Phylokit is a library of operations for phylogenetic trees using the PyData Ecosystem. It is based on a simple numerical encoding of topologies used in tskit where tree information is represented by a set of arrays. This encoding has a number of advantages over the standard in-memory description of trees as a set of linked objects:
- We can use array oriented computing to work efficiently with large trees using NumPy
- We can use numba to compile tree algorithms written in Python to fast machine code (including targetting GPUs)
- We can use other parts of the PyData ecosystem such as xarray and Dask to scale
Although the main source of data for phylokit input will initially be the tskit.Tree
class,
we should make phylokit
as loosely coupled as possible to tskit. In practise, this means
that we should assume the smallest possible number of attributes and methods. The minimum that we
need are:
left_child_array
right_sib_array
time_array
We assume the existence of a virtual root
like tskit, so that the left_child_array
is one element longer than time_array
, and
such that left_child_array[-1]
is the left-most root.
This will means some duplication of functionality between tskit and phylokit for fundamental
operations like mrca
, but this is a reasonable tradeoff for long-term flexibility.

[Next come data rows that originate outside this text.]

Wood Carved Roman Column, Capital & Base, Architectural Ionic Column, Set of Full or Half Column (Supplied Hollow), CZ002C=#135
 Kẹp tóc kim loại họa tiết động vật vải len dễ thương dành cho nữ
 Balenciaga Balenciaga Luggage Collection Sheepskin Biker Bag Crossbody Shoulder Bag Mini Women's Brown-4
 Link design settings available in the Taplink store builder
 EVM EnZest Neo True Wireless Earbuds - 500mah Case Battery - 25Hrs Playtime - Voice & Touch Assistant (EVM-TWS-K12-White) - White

The rationale behind minimising the dependence on tskit is to allow more flexible internal use of the key data structures than building directly on tskit would allow (for example, when we are inferring trees), and also to hopefully allow other applications to build on this foundation also. By using the array interface, we open up the possibility of using anything that implements the numpy array interface, (like Zarr arrays, e.g.) as the underlying data storage for trees.
Don't reinvent the wheel. For example, when we start dealing with input datasets, we use sgkit as the starting point. (Although this may not be suitable for some types of alignment input, and then we must look at using Xarray directly).